Network P.R. people know how to find a way to spin ratings better than Rumpelstiltskin with a barn full of hay. And the folks at the four-letter network spent some extra time today turning Nielsen numbers into ratings gold.

For Monday night’s Browns-Steelers All-About-Ben game on ESPN and other Disney platforms, the total viewership was 13.256 million. Of that amount, only 1.48 million tuned in for a star-studded Manningcast on ESPN2, which had Bill Cowher, Roger Goodell, Snoop Dogg, and Aaron Rodgers join Peyton and Eli.

The 1.48 million viewers lands at No. 8 of nine Manningcasts in the 2021 season. The biggest crowd tuned in for the Week Eight game between the Giants and the Chiefs, with 1.96 million.

The Monday night Manningcast audience accounted for only 11.1 percent of the total ESPN audience. This once again raises the question of whether it’s worth it, from a business standpoint, to plunk down whatever many millions are being devoted to the Peyton and Eli show. Are more total people tuning in to watch football on Monday nights because of the Manningcast, or are the Brothers Manning simply siphoning from the main broadcast, with no net gain?

The media (and social media) love the Manningcast. I can’t watch it live, because I’d rather focus on the game. (I tape it and watch it the next day, and I like it.) The best outcome for Bristol would be to get Peyton and Eli in the booth every week, as the main analysts.
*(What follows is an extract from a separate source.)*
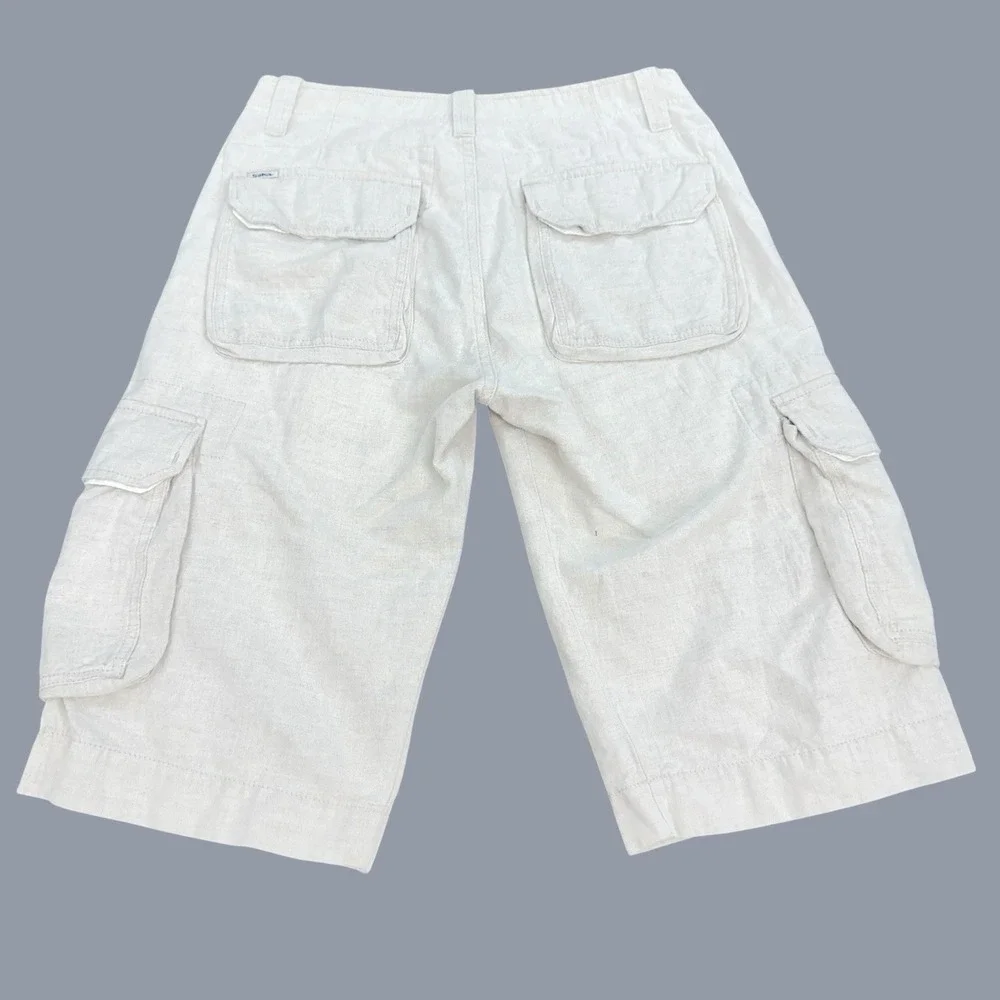 Salsa Cargo Shorts Linen Blend Beige Men's‎ 30 Resort Wear Beach Country Club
But the Mannings don’t seem to be inclined to do that. They’d have to travel. They’d definitely want (and deserve) a lot more money. They’d possibly feel compelled to be more polished (even though the best move would be to keep doing what they do). And Peyton definitely wouldn’t tolerate an alternate broadcast that would potentially take viewers away from his production.

There’s one more data point before the 2021 season ends for the Manningcast and Monday Night Football. They’ll return for a tenth and final time, during the wild-card game that ESPN and ABC will televise to cap the first round of the postseason.

They’re under contract for two more years. It will be interesting to see whether the percentages shift in 2022. It also will be interesting to see whether ESPN (and its corporate parent) can justify investing so much money into a secondary broadcast that may not be doing anything to improve the bottom-line performance of Monday Night Football. Indeed, there’s a chance that the entire operation has become less profitable due to equal revenue and dramatically increased expense.

At some point, that kind of dynamic will activate the radar screen of a bean counter with sufficient juice to pull the plug.